Main outcomes on ‘Finance Day’
When it comes to public finance, world leaders from developed countries repeated their pledge to reach the $100 billion annual climate finance goal. Progress to date has however been slower than initially promised, with developed countries only expected to meet the goal by 2023 instead of 2020. The EU, the US, the UK, Germany, and France also announced a new Just Energy Transition Partnership under which it raises – via loans with investment institutions like the World Bank – $8.5 billion in funding to support the phase out of coal in South Africa, which relies on coal for 90% of its energy generation.

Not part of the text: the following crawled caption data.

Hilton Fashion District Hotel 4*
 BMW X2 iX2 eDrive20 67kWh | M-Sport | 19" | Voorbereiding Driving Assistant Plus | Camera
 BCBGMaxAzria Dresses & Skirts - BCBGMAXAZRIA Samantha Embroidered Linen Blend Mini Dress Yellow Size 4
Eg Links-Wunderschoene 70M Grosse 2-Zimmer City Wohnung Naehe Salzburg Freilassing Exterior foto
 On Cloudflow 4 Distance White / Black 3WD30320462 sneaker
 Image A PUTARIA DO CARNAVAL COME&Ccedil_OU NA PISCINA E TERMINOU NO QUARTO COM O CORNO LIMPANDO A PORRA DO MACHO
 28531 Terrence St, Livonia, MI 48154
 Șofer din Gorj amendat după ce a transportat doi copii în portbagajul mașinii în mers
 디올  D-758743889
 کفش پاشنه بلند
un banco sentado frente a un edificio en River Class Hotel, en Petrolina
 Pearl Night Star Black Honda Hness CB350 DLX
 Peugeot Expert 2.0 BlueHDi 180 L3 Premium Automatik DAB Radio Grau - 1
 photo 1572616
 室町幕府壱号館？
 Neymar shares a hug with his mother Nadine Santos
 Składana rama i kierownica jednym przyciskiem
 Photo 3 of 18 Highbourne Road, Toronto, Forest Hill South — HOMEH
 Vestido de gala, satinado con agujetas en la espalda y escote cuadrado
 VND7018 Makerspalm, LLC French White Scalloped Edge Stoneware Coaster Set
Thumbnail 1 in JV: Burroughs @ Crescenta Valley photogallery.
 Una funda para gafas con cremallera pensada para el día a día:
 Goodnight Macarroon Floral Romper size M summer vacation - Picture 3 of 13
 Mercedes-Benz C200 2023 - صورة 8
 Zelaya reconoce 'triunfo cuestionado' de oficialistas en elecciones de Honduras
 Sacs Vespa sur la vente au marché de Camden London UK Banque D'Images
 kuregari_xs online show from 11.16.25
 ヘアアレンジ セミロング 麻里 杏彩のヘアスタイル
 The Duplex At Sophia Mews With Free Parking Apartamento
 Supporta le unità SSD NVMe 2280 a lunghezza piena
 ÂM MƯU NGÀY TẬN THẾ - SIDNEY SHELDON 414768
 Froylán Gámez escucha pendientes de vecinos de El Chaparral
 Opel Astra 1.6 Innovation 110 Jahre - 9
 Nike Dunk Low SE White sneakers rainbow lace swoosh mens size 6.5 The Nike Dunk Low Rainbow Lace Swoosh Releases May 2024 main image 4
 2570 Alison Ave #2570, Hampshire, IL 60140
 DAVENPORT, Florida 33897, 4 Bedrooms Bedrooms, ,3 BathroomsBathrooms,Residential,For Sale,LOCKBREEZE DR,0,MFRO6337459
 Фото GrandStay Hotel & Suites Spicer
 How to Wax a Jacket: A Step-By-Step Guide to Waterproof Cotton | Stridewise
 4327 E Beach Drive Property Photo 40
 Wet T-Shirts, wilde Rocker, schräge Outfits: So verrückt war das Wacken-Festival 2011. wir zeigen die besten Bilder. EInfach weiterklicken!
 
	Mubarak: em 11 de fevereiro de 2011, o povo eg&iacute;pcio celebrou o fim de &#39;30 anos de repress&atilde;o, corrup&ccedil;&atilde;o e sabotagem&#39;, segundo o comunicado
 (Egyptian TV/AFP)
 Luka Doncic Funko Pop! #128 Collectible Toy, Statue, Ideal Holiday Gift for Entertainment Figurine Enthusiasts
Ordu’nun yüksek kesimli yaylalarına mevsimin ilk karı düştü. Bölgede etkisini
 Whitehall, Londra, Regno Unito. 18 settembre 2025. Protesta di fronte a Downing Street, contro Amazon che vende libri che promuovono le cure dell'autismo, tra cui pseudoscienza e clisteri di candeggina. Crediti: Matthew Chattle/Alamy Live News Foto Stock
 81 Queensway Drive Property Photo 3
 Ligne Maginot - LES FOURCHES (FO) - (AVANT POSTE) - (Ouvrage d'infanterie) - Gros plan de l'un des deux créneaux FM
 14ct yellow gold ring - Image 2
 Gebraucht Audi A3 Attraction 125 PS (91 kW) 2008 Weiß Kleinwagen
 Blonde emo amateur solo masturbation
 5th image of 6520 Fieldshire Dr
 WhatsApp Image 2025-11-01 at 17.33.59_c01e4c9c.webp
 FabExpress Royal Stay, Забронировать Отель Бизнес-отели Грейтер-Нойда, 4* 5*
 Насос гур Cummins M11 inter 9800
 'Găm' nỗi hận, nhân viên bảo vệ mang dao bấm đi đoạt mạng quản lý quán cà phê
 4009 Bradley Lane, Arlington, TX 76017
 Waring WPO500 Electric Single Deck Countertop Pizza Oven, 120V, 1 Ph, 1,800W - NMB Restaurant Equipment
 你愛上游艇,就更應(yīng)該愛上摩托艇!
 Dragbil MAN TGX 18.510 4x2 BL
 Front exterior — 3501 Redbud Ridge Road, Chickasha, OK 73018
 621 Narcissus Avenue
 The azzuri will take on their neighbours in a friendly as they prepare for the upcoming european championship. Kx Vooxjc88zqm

On private finance, the launch of the ambitious Glasgow Financial Alliance for Net Zero (GFANZ) brings together private financial institutions around the world to mobilise around $130 trillion in financial assets to make the energy transition a reality. Despite some scepticism from environmentalists, the closer cooperation of financial institutions and company executives in the fight against climate change is something that was far less developed several years ago. The new EU-Catalyst partnership between the European Commission, the European Investment Bank and Bill Gates’ Breakthrough Energy Catalyst, which seeks to mobilise $1 billion between 2022 and 2026 to speed up the development of innovative technologies, appears to further showcase and cement EU leadership.
Finally, Wednesday’s announcement of the International Sustainability Standards Board (ISSB) brings enhanced accountability through global sustainability reporting one step closer. UK Chancellor Rishi Sunak followed up by announcing the UK financial sector should present plans towards carbon neutrality with the goal “to rewire the entire global financial system for Net Zero”. These plans would be assessed with the aim of finding a sector-wide “gold standard”.
The EU’s take
European Commissioner for Financial Services Mairead McGuinness reacted positively to the progress made on Finance Day, emphasising that the EU seeks to use its leadership in sustainable finance and sustainability reporting aims to inspire global action in this space. McGuinness stressed that COP26 should be used to lay out a roadmap, with the period that follows being crucial to ensure delivery for partners around the world. McGuinness stated that “double materiality is the future” and a holistic approach is needed for companies to assess their impact on the environment and mitigate it.
The EU has already set out an ambitious sustainable finance framework, comprising both the EU Taxonomy, which includes definitions of sustainable investments and specifications of reporting obligations, and a proposal for European Green Bonds to put an end to a variety of different standards companies can pick from. When it comes to reporting, the EU’s proposal for a Corporate Sustainability Reporting Directive will oblige approximately 50,000 companies in the EU to report on their sustainability impacts, and a planned proposal for Sustainable Corporate Governance is going to further elaborate due diligence and corporate strategy requirements.
To inspire other countries around the world to adopt their own taxonomies, the EU published a guiding Common Ground Taxonomy on COP26, part of the EU’s global sustainable finance efforts as part of the International Platform on Sustainable Finance. Finally, the EU announced in October that it would present a standardised approach to certifying carbon neutrality in the second half of 2022. While this is a cross-sector endeavour, the financial sector should keep a close eye on possible overlaps and divergences with the UK’s announced “gold standard”, as companies operating on both sides of the channel might be faced with two different pathways to carbon neutrality.